**Input data:**
○ ○ ○
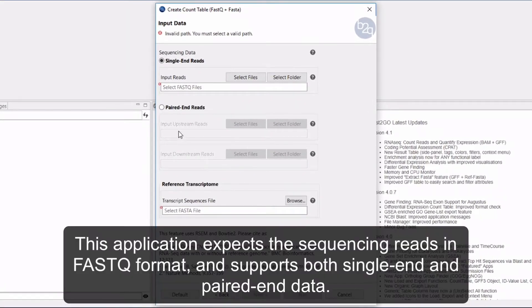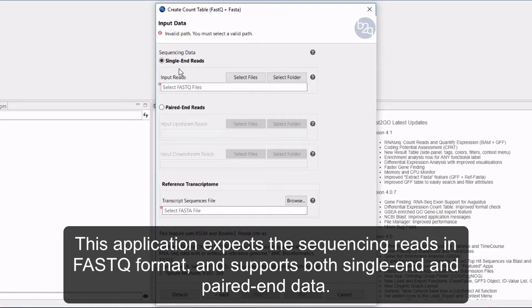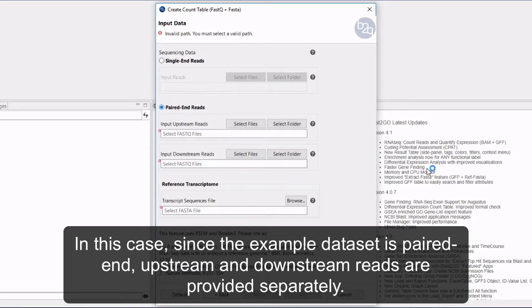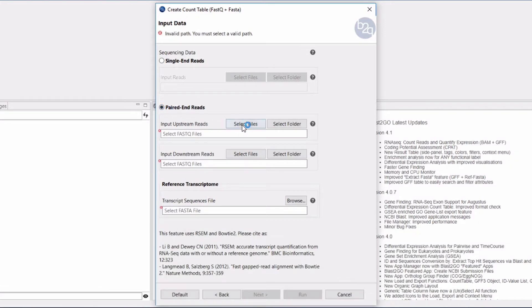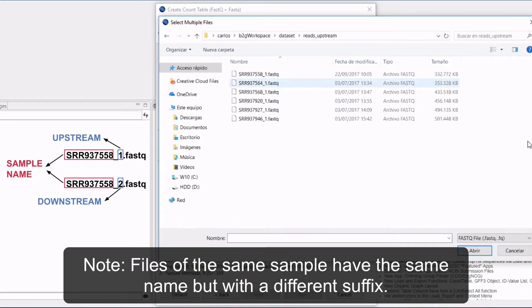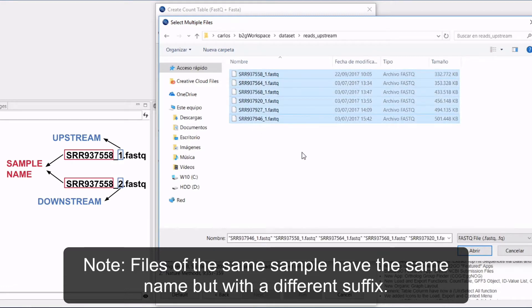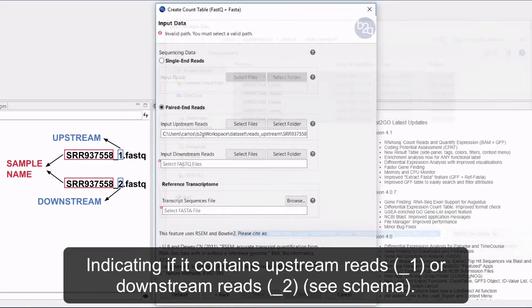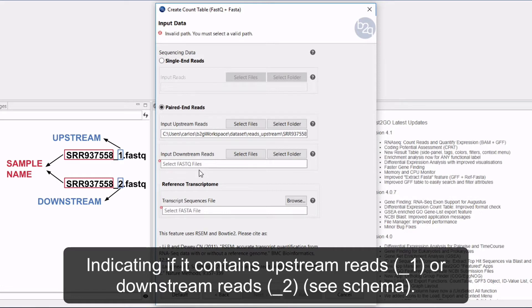This application expects the sequencing reads in FASTQ format and supports both single and paired-end data. Since the example dataset is paired-end, upstream and downstream reads are provided separately. Note that files of the same sample have the same name but with a different suffix, indicating if it contains upstream or downstream reads.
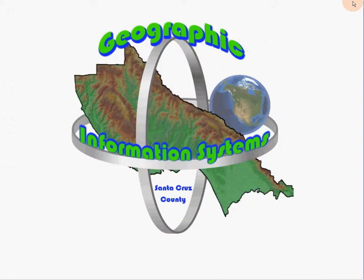This concludes video 6 of the Santa Cruz County GIS video learning series on the select map feature of GIS web. Thanks for watching.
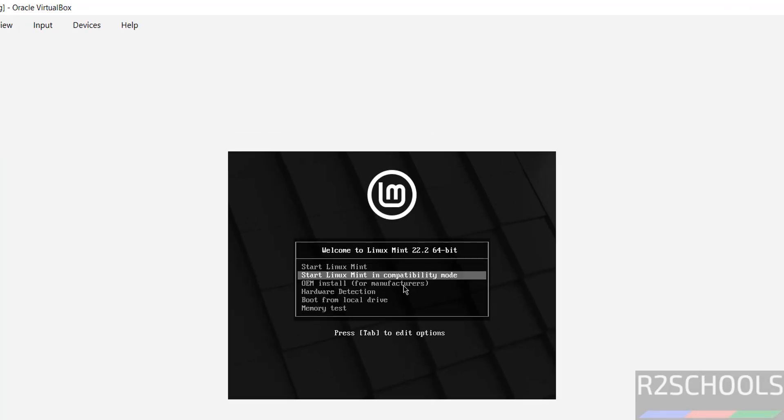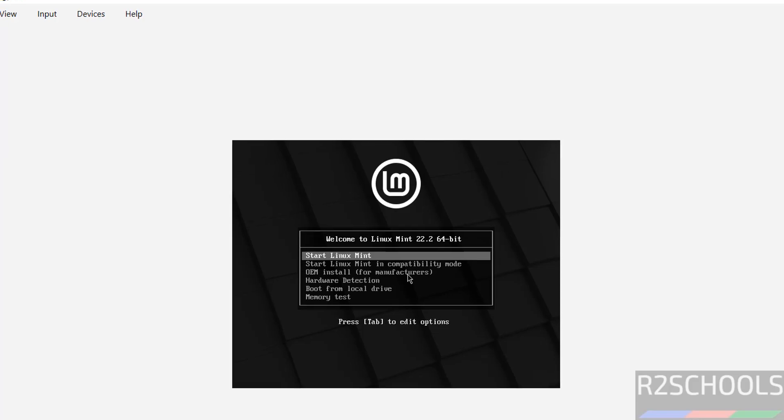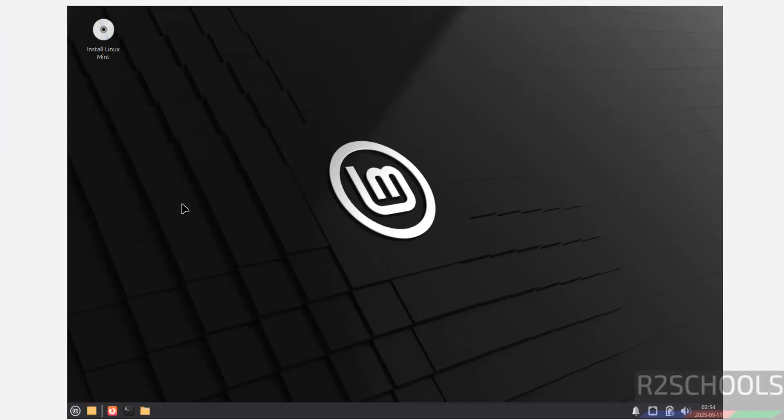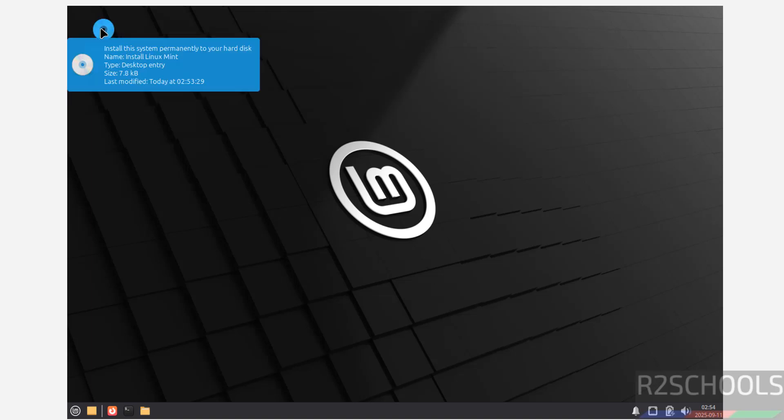Use up and down arrows and select the first one, that is Start Linux Mint, and hit Enter. If you want to use this for testing purposes you can use and shut down, but if you want to install permanently, see here on the desktop we have the Install Linux Mint icon.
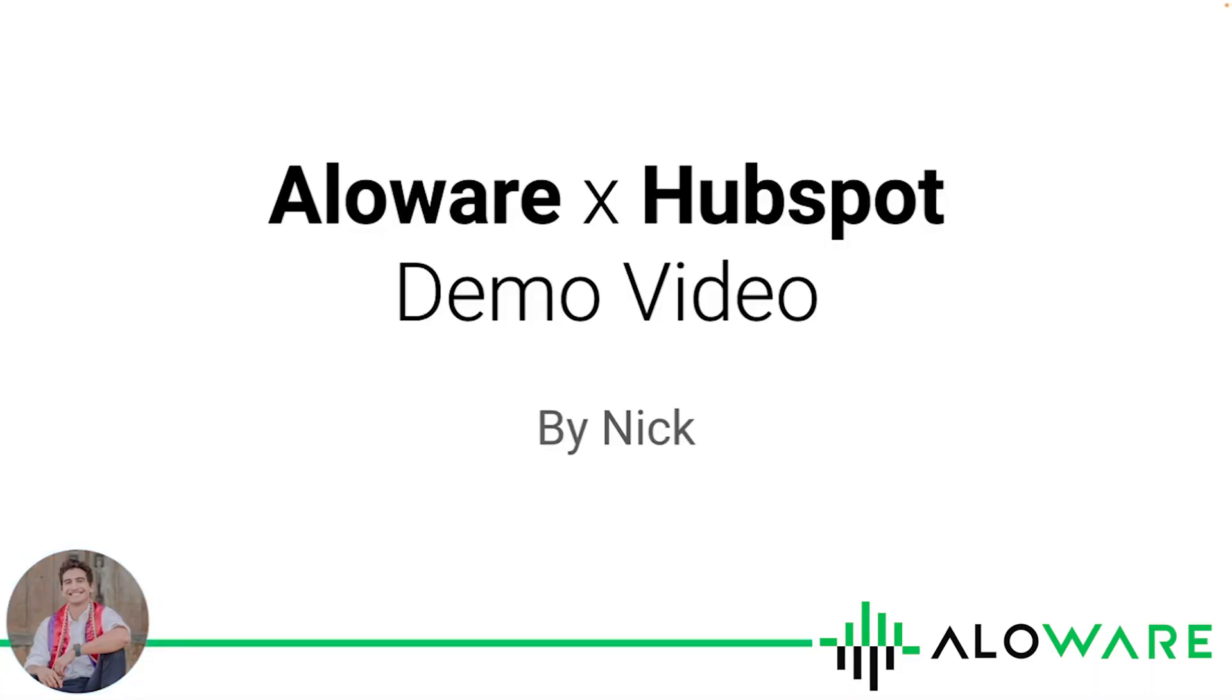Welcome to the integration demo of HubSpot and Alloware, where you can easily manage your contacts and quickly turn leads into deals.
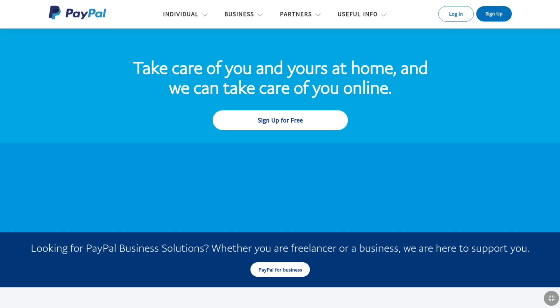First, open up any browser on your smartphone, tablet, laptop or PC, and then come over to the official website of PayPal, paypal.com, and then click on login at the top right.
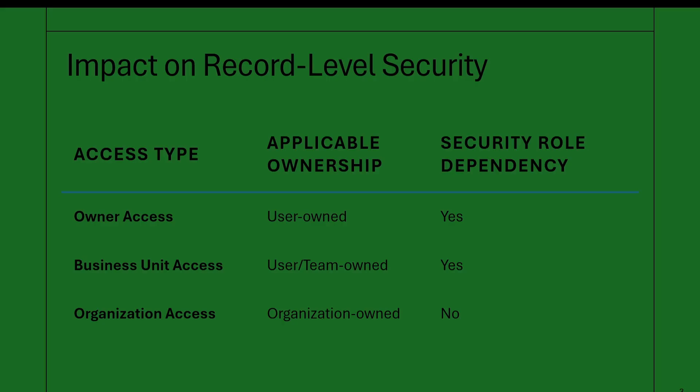The other one you have is organization ownership. These records don't belong to any user or team, they belong to the whole organization. You will have common tables like currency, territory, or locations like country. You can think of them as global data points that everyone should be able to access.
○ ○ ○
Wherever the listing shows a picture, omit it and output the rest exactly as given.

This application expects the sequencing reads in FASTQ format and supports both single and paired-end data. Since the example dataset is paired-end, upstream and downstream reads are provided separately. Note that files of the same sample have the same name but with a different suffix, indicating if it contains upstream or downstream reads.
This concludes video 6 of the Santa Cruz County GIS video learning series on the select map feature of GIS web. Thanks for watching.
Use up and down arrows and select the first one, that is Start Linux Mint, and hit Enter. If you want to use this for testing purposes you can use and shut down, but if you want to install permanently, see here on the desktop we have the Install Linux Mint icon.
Welcome to the integration demo of HubSpot and Alloware, where you can easily manage your contacts and quickly turn leads into deals.
First, open up any browser on your smartphone, tablet, laptop or PC, and then come over to the official website of PayPal, paypal.com, and then click on login at the top right.
The other one you have is organization ownership. These records don't belong to any user or team, they belong to the whole organization. You will have common tables like currency, territory, or locations like country. You can think of them as global data points that everyone should be able to access.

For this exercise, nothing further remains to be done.